Although there's a bit of weirdness in terms of checking if the buffer is big enough, for the most part, this works pretty well.

Why do I always return 1 byte read?

I'm mostly mirroring the AsyncRead and AsyncWrite in the futures crate, which typically is used on machines with full operating systems. Typically, the overhead of a syscall is somewhat high, so you might request e.g. 1024 bytes at a time. Obviously, that isn't the case for an 8-bit MCU. However, I'm keeping that pattern for ease of porting and to allow for networking, e.g. the Arduino Ethernet shield.

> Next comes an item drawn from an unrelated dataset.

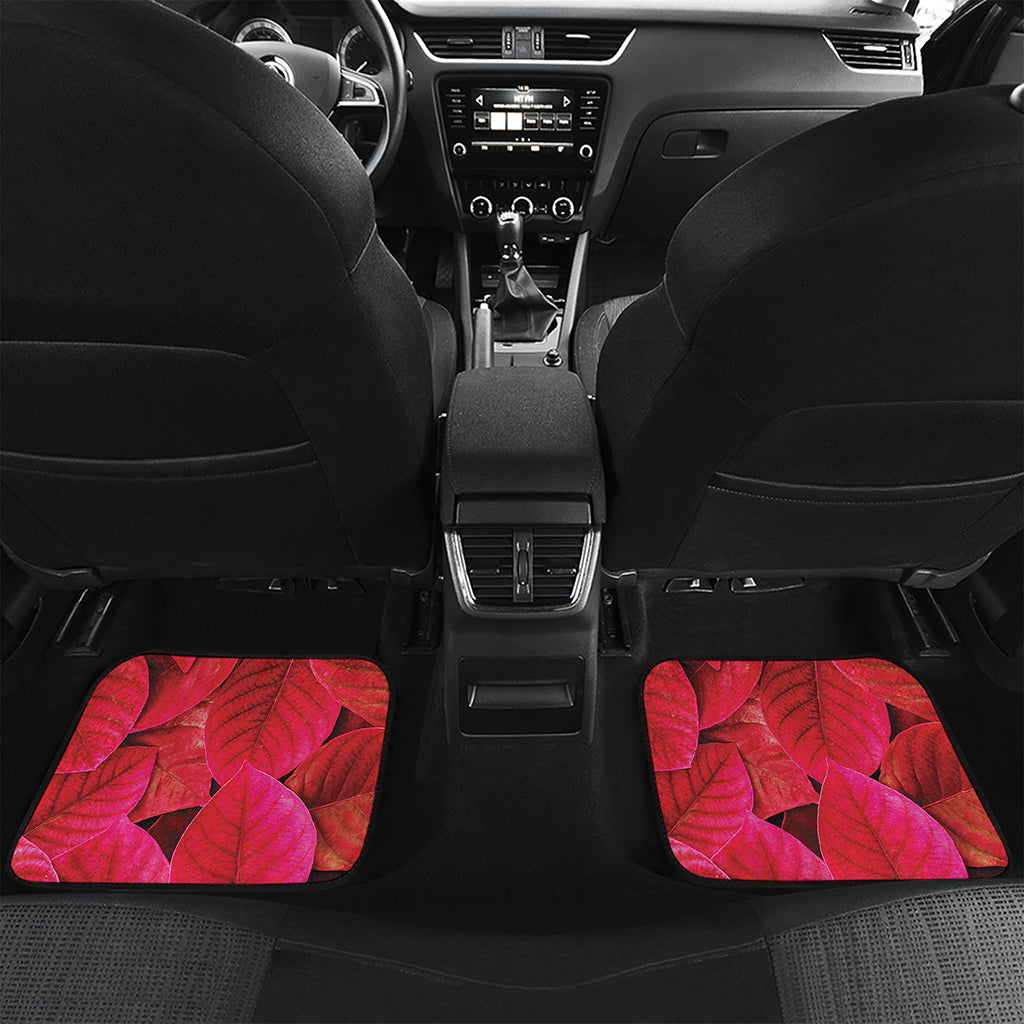Red Leaf Print Front and Back Car Floor Mats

Then, I copied and pasted the AsyncReadExt and AsyncWriteExt traits from the futures crate as well. The way this is set up is that you just implement the low-level functions, and the Ext traits take care of the more user-friendly functions. This is done instead of default implementations to allow the main trait to be small in case it is added to the standard library, much like how Future is in std/core, but many functions require the extension trait FutureExt from the futures crate. The functions that AsyncReadExt and the like provide allow for tasks like reading and writing a fixed number of bytes, and awaiting until that is complete.

Writing an executor

Thankfully, there's a few places we can get code from—the Rust embedded team has been working on a generic executor, and I have my own executor that I've used for third-party code on TI calculators. I started off with a way to safely share state between interrupts. Typically, this is done with atomic instructions, but AVR does not have those (or necessarily have a need for it, as it is single-core). So, I used volatile operations:

#[derive(Debug)]
#[repr(transparent)]
struct Volatile<T: Copy>(UnsafeCell<T>);

impl<T: Copy> Volatile<T> {
    pub fn new(value: T) -> Volatile<T> {
        Volatile(UnsafeCell::new(value))
    }

    pub fn read(&self) -> T {
        unsafe { ptr::read_volatile(self.0.get()) }
    }

    pub fn write(&self, value: T) {
        unsafe { ptr::write_volatile(self.0.get(), value) };
    }
}

Why not the vcell crate?

The above code is functionally identical to the VolatileCell that vcell provides—in fact, I wrote the above code and realized that it is almost identical to that crate. However, I will probably want more control in the future, as the above code is unsound if used with a type that is bigger than 1 byte. This is because AVR can write or read one byte in one instruction, so if an interrupt occurs, it is either written or not. In the future, I'd like to expand it to disable interrupts when writing more than 1 byte, so state can be safely shared between contexts.

Creating a VTable

We need to tell Rust how it can wake up a task. So, doing some copy-pasting from async-on-embedded:

// NOTE `*const ()` is &Volatile<bool>
static VTABLE: RawWakerVTable = {
    unsafe fn clone(p: *const ()) -> RawWaker {
        RawWaker::new(p, &VTABLE)
    }
    unsafe fn wake(p: *const ()) {
        wake_by_ref(p)
    }
    unsafe fn wake_by_ref(p: *const ()) {
        (*(p as *const Volatile<bool>)).write(true)
    }
    unsafe fn drop(_: *const ()) {
        // no-op
    }

    RawWakerVTable::new(clone, wake, wake_by_ref, drop)
};

Here, I adapted the code to use my own synchronization code instead of AtomicBool, which we don't have access to.

The `block_on` function

Finally, it's time for the executor:

/// Spawns a task and blocks until the future resolves, returning its result.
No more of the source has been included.